Preheat the oven to 375°F (190°C).
Generously slick a 8-inch-by-12-inch (20-cm-by-30-cm) baking sheet or round pizza pan with olive oil. Using well-oiled hands, divide the dough into 2 halves, one slightly larger than the other. Place the larger half onto the oiled pan and, using your fingers, spread the dough out evenly to cover the pan or so that it's no more than 1/2 inch (1.5 cm) thick.
Place about 2/3 of the grapes on the dough and sprinkle with half the superfine sugar followed by about 2 tablespoons (1 fluid ounce/30 ml) olive oil.
Stretch the remaining the dough to roughly the size of the pan and place it on the grapes, continuing to stretch it as needed to cover the grapes and dough beneath.
Roll up the edges of the bottom layer of dough from the underneath to seal the edges.

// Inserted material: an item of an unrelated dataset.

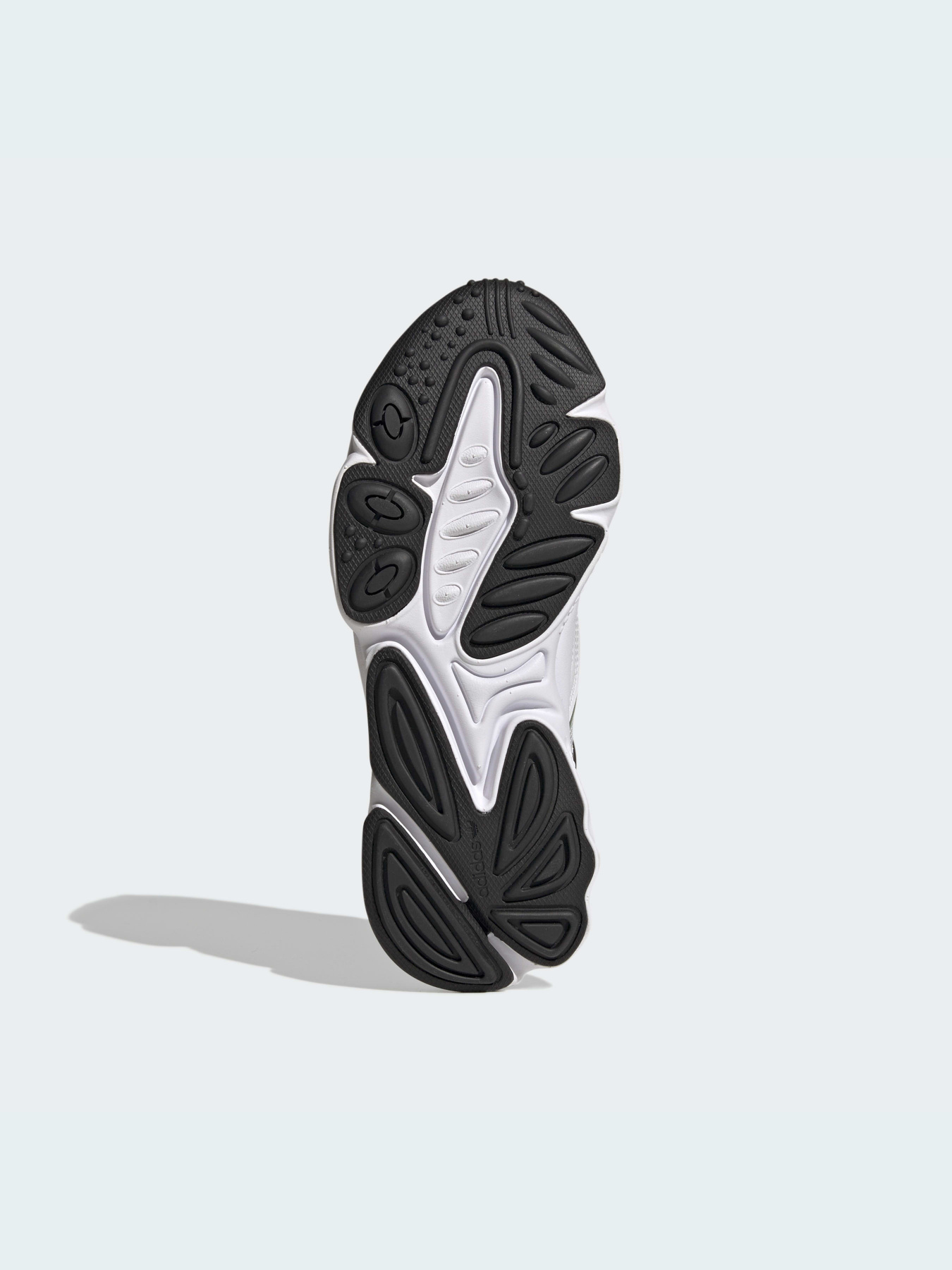 Кроссовки Adidas Ozweego модель GY9519 Фото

Gently press down all over the surface of the dough to create little dimples. Arrange the rest of the grapes on the dough and evenly sprinkle with the remaining superfine sugar and 3 tablespoons (1 1/2 ounces/45 ml) olive oil.

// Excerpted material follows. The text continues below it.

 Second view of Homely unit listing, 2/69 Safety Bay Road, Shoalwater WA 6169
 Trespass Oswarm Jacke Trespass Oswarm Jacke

Bake until the dough is golden and crunchy and the grapes are oozing, 30 to 35 minutes.
Let the grape focaccia cool completely. Cut it into squares. (If you like, you can dust it with confectioners sugar or coarse sea salt just before serving—although this isn’t exactly traditional, it is rather nice.) This is best served and eaten the day of baking.